Oh yeah, I used to see lots of jobs with requirements like “5 years experience with Windows 98” when Win 98 had been around for less than a year. Them HR people aren’t real bright now, are they?

You see it all the time, though the one I thought was the funniest I’d ever seen wasn’t funny for the job description, it was the salary.

Network Engineer
MCSE 2000 required
CCIE required
Salary to 25K

Non-techie geeks won’t get this, but there ain’t a CCIE in the world that’s going to work for 25K

It just impressed me that they’d avoided it with all of the others by not specifying a version (ie. just saying "Dreamweaver, Photoshop etc. etc.) only to screw it all up with the Flash MX. :slight_smile:

Welby,

   There may be a reason for this. Companies have been known to put up ads like this, then claim they couldn't get domestic help and use it to get a work visa for a foreigner they could get cheap, in return for immigration aid. There is a different classification for special-needs employees, thought I don't recall the class.  (it's how we get those Russian hockey players:) )

One of my colleagues was filling out a fellowship application that required him to explain the theoretical and historical background of, previously-published results of, current progress on, planned future work on, and implications of his research, at a technical level that that the multidisciplinary search committee would understand, in one page or less. (No, he wasn’t allowed to change the font size.)

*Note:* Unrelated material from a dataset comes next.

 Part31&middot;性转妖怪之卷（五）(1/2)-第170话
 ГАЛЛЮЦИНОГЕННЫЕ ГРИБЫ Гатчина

I remember hearing a while ago about a company that was looking for somebody with “at least 10 years experience with Java” . . . . in 1998.

In fact, this may be from an old thread. I’ll have to do some digging.

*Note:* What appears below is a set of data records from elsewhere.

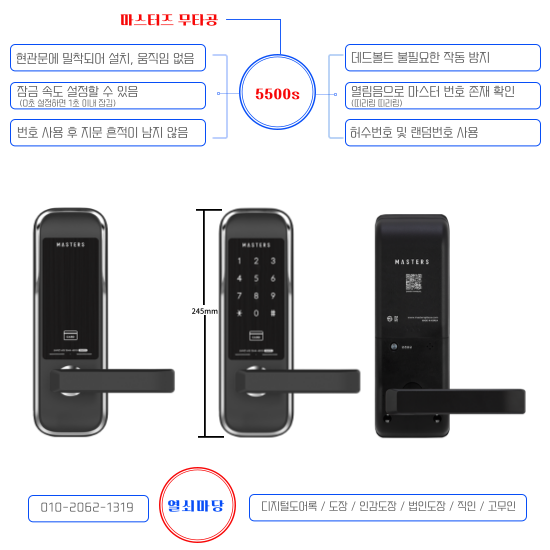 열쇠마당
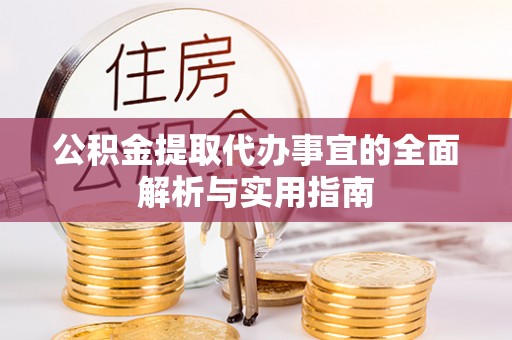 大厂公积金提取代办事宜的全面解析与实用指南
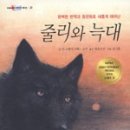 줄리 이미지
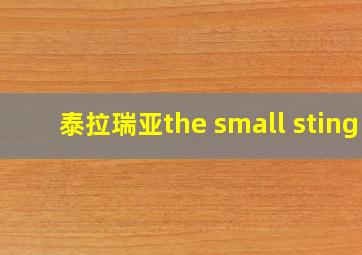 泰拉瑞亚the small sting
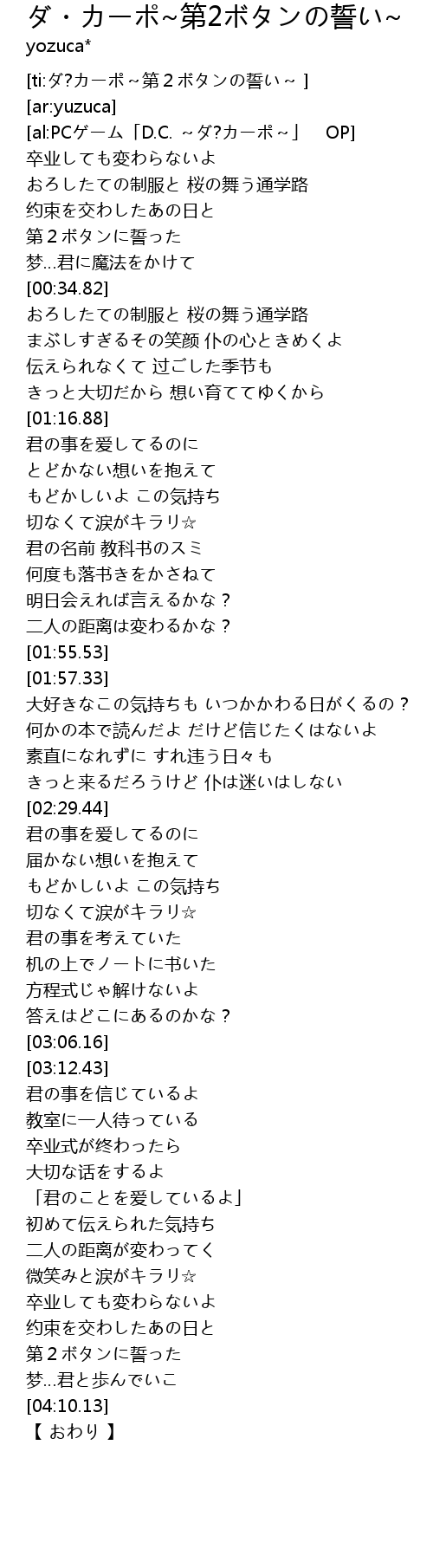 ダ カーポ 第2ボタンの誓い 歌词 歌词网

Funny coincidence! Just last week I got an E-mail from a place looking to fill a 3-D modeler position. The requirements included that “Applicants must be thoroughly knowlagable in Tinderbox 3.0”

The catch?

Tinderbox is their own proprietary software. The only people who know how to use it are those already working there, and any former employees wouldn’t know how to use the newer 3.0.

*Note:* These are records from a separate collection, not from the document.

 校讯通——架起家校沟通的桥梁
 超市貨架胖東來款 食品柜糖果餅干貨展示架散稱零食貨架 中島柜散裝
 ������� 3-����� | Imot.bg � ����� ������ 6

Ah yes, the infamous dummy ads that are used to “legally” finagle immigration.

The Year: 1999

Internal job posting at the company I was working for:

“…4 Years Java Minimum…”

So what, you were looking for one of the three guys who invented it?

Not a fake ad, just stupid HR.

In most cases, these things are written by the clueless. Most resumes overstate actual experience, so my feeling is it tends to work out. Especially when the hiring manager needs a body in place and there is frankly NO ONE IN EXISTENCE ON THE PLANET who a) meets the requirements and b) would actually work for the salary in question.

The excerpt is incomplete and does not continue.